When I was selling my plasma, I had to pay attention to my diet and health so that I didn’t end up getting deferred for a day. This was great for my waist line! The second I stopped paying attention to my body, my protein levels ended up dropping and I got a 24 hour deferral and it messed up the whole rhythm of my week.
So in order to keep making money by selling your plasma, you should:
- Drink lots of water before your appointment
- Get a good amount of sleep (don’t skip this! Sleep can throw off your protein levels)
- Eat a healthy meals with good amounts of protein
- Exercise regularly
Since selling plasma means you are making money from your blood, you absolutely need to take care of your body! When my blood pressure was too high because I was too stressed from work, I got deferred for 24 hours and missed a bonus pay for that week. Selling plasma is not easy, so you need to take care of yourself in order to make money in this way.
The FDA limits donations to twice a week and you must wait at lease 48 hours between sessions. In my experience, most donation centers offer a base pay for the first donation of the week and a bonus pay for the second. Also, if you make all 8 sessions in a month, the donation center usually offers an extra bonus ranging from $50-$80 for the 8th donation.
Though plasma donation is incredibly safe, you should be aware of some possible side effects. A lot of these stem from how well you are taking care of yourself, which is why that is so important.
These are probably the most common side effects. If you don’t eat a balanced meal and drink lots of water before your appointment, you are more likely to experience lightheadedness and dehydration. If you still experience lightheadedness after your appointment even though you had a good meal, then pack a snack for after. I used to keep granola and protein bars in my car in case I felt a little woozy after donating. Also, keep a bottle of water with you to stay hydrated before and after your appointment.

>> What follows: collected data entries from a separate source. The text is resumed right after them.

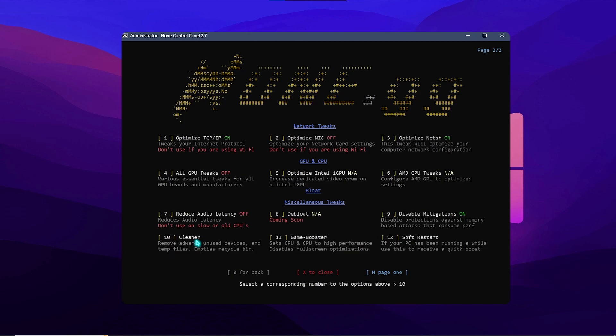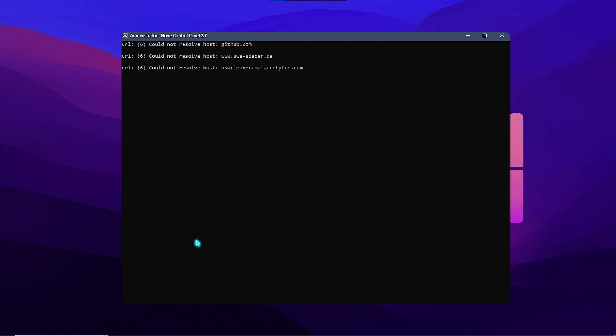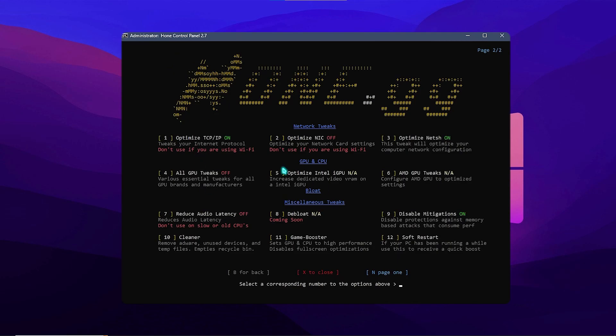And then you need to press 10 for the cleaner. And that is going to remove all of the advertisements, empty recycle bin, and unused devices from your PC. So simply press enter and that should do all of it. Once it is done, simply press B for back.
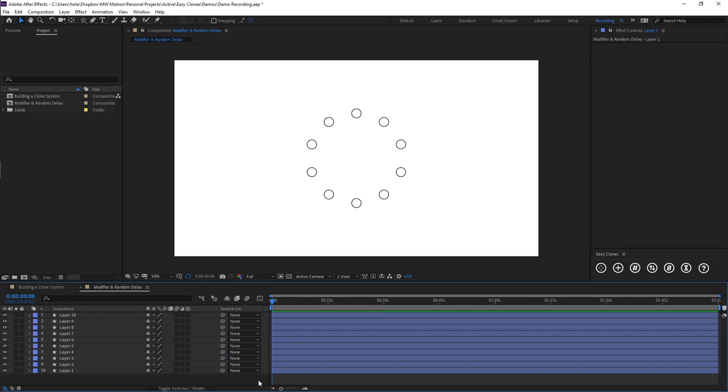Okay guys, welcome back to the EZClone demo series. In this demo I'm going to be showing you how to use random delay and the delay checkboxes within the EZClone's effect themselves.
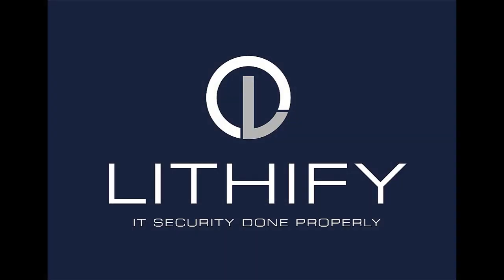We really hope you enjoyed this video and found this informative. There are many more great videos available on our channel, so feel free to take a look. And, while you're there, why not subscribe so you never miss another update. Lithify, IT security done properly.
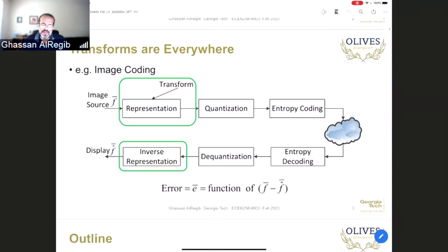On the receiving end, we do the inverse of everything: entropy decoding, dequantization, and then the inverse transform to display the image. There are really multiple steps — transform, quantization, entropy coding, streaming — and each one has a different contribution to the overall efficiency of the streaming, compression, and coding.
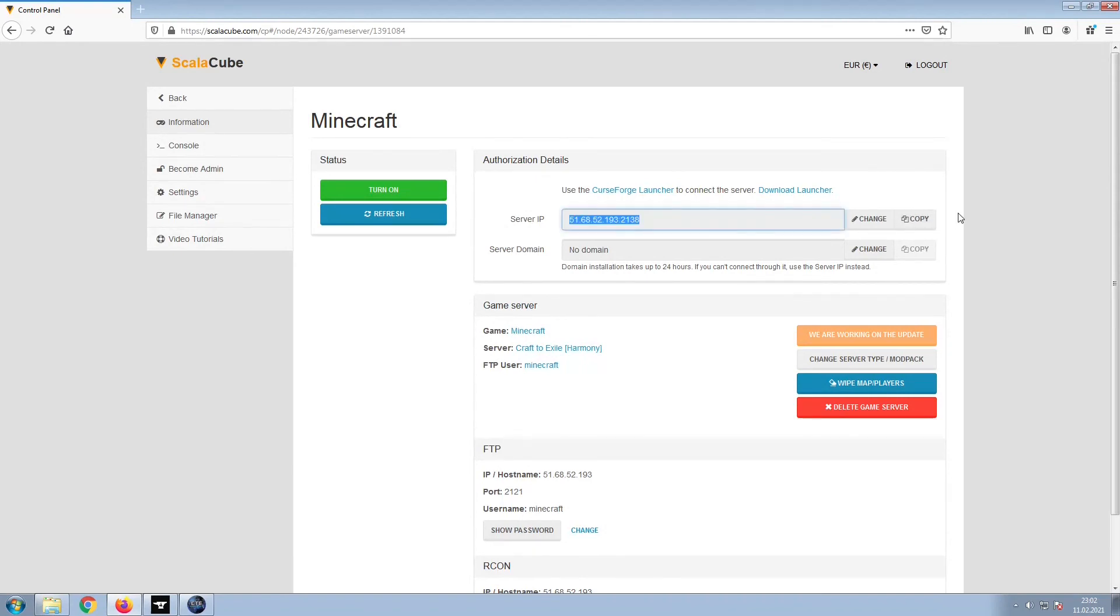Copy your IP address. Start up your client and connect to it using the copied IP address.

It is very rare but some people experience allergic reactions to donating plasma. Usually you do not know if you are allergic until you donate. In most cases the reaction ends up feeling like some mild itching or redness.

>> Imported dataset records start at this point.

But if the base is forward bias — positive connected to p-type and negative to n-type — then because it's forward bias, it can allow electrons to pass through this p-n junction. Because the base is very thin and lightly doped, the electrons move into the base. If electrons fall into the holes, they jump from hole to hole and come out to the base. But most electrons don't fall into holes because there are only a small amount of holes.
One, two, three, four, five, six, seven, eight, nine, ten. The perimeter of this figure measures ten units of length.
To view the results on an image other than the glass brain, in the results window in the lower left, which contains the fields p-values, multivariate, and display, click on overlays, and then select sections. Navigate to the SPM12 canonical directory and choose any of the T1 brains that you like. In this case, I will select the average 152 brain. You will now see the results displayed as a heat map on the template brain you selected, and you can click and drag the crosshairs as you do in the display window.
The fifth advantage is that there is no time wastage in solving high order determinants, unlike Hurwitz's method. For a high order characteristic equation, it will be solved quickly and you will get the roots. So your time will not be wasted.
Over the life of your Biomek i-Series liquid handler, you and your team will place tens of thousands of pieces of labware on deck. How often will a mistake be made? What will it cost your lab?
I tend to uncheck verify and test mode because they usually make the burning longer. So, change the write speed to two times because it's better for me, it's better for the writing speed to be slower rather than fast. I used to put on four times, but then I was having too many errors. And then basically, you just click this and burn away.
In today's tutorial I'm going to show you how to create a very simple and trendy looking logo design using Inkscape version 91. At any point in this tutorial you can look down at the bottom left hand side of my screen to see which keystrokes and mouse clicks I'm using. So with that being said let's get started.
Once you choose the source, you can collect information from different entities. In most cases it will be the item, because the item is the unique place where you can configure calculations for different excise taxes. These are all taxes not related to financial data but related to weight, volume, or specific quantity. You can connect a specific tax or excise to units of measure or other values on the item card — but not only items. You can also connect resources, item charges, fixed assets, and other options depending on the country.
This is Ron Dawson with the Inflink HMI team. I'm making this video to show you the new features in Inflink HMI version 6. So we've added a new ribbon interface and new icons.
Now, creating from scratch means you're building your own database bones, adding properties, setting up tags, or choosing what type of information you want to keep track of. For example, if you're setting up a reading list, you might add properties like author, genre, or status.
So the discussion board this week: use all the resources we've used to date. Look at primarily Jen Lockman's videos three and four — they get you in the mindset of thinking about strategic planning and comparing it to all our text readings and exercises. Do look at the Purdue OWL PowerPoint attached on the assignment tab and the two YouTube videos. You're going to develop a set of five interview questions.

A citrate reaction is a more serious but very rare side effect from donating plasma. It can range from mild symptoms including numbness or experiencing a metallic taste to more serious symptoms like vomiting and shock.
This was the side effect that I experienced the most. Sometimes technicians would put the needle in at an awkward angle or not apply enough pressure when removing it which caused a bruise. For the most part, the discomfort went away after an hour or two and the bruise was so small that it usually went away in a day.
Like I said throughout this post, selling plasma is not easy. My plasma donation center didn’t offer appointment scheduling, so I had to get up at 5am to hopefully be one of the first 8 people in line. If I was a little too late getting up, I would end up having to wait until the first set of people were done with their session, which sometimes was over an hour.
Also, once you start donating regularly, you are more likely to experience drops in your iron levels. If they drop too low too often, your plasma center might tell you that you are no longer eligible to donate. The last few months when I was donating, I started to get deferred more often due to high blood pressure (from stress) and low iron levels. This is why it is so important to take care of your mind and body if you decide to sell your plasma. After I made my last debt payment, I decided to stop selling my plasma.
Selling plasma was a great side hustle while it lasted, but the early mornings and constant deferrals made it tiring. If you need a little boost in cash flow for a few months, then selling your plasma is a great option if you feel it is right for you. But, take care of yourself and be proud of the fact that your side hustle helped save some lives!